Obywatele trzymają się gotówki z tych samych powodów dla których urzędy i banki i też biznes chciałby ją całkowicie wyeliminować. W przypadku obrotu bezgotówkowego konsument pozostaje wiele śladów, między innymi w systemach bankowych, w dokumentacji przedsiębiorstw i wreszcie w rejestrach, do których mają dostęp służby skarbowe. Jest również możliwość wprowadzania różnych limitów i ograniczeń dla poszczególnych osób lub grup.

Dlaczego bank czy urząd ma wiedzieć np. że Gawrońska kupuje sobie zabawki erotyczne, a  Kowalski – dużo alkoholu? Dlaczego trzeba mieć konto w banku, żeby kupić samochód? I płacić za to?

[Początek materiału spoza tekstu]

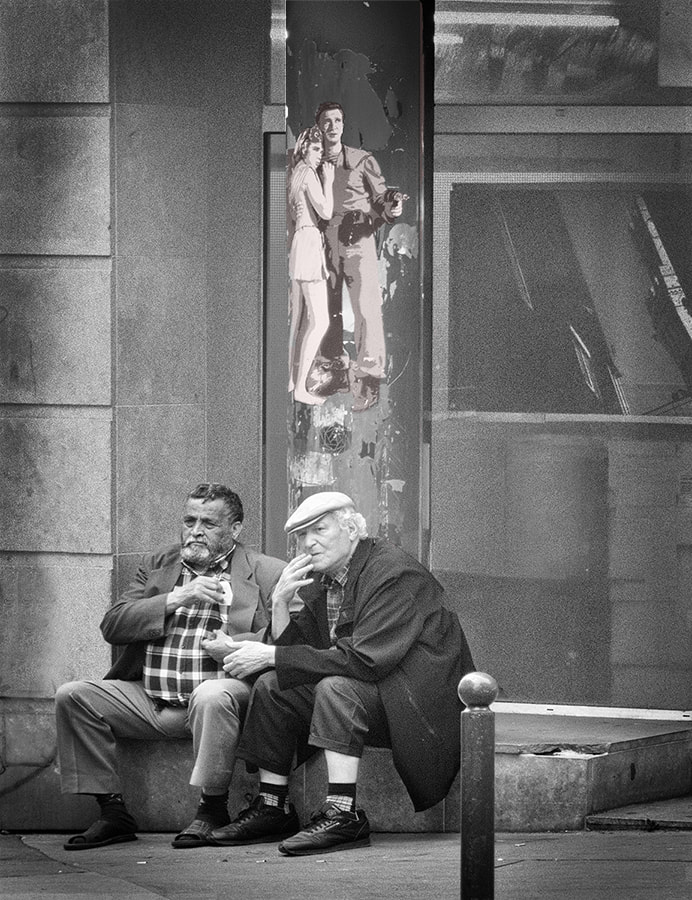 Two men in Paris, street art.
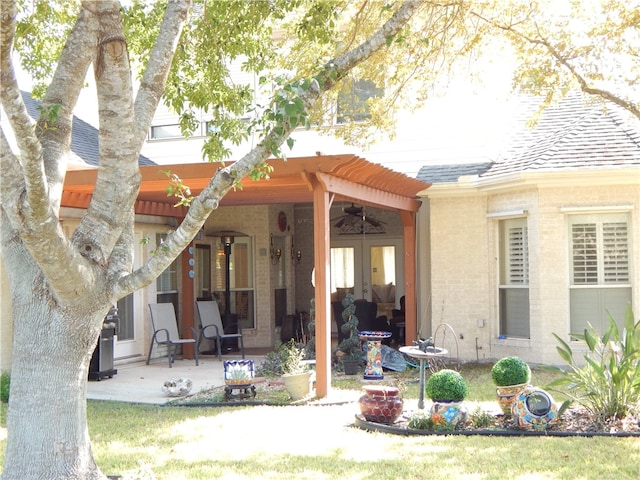 back of property with ceiling fan and a patio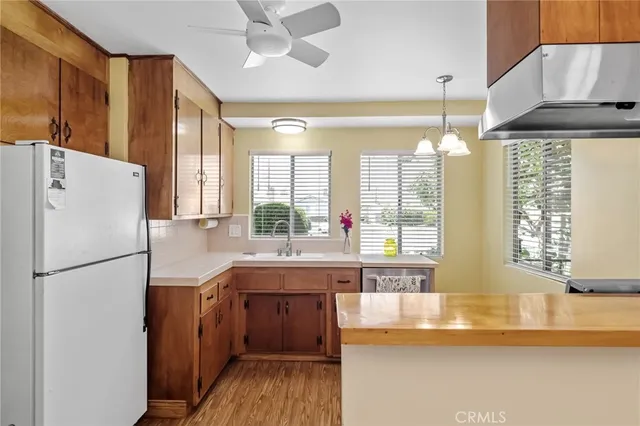 a kitchen with stainless steel appliances granite countertop a refrigerator a sink dishwasher a stove and a dining table with wooden floor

Dyrektorzy finansowi są sceptyczni, co do wzrostu znaczenia gotówki, głównie przez przepisy coraz bardziej ją ograniczające w transakcjach. Badanie w Klubie Dyrektorów Finansowych „Dialog” przyniosło taki wynik:

 

W styczniu w Polsce powstała nieformalna sieć organizacji „Koalicja dla Gotówki”. Na konferencji prasowej w styczniu 2025 przedstawiła swoje argumenty na rzecz, a pierwszy z nich brzmi:

Gotówka daje nam anonimowość i ochronę prywatności. Dane o naszych wyborach konsumenckich nie trafiają do rządu, korporacji, służb i banków, dzięki czemu unikamy inwigilacji i kontroli.

A siódmy kończący listę:

Gotówka zwiększa bezpieczeństwo Polek i Polaków oraz infrastruktury krytycznej naszego państwa w przypadku kryzysów i zagrożeń, np. ze strony ataków hakerskich, awarii systemów bankowości cyfrowej i działań obcych służb.

Gotówka daje wolność, choć jej obsługa nie jest łatwa, i nie ma przyjaciół w niektórych wpływowych kręgach.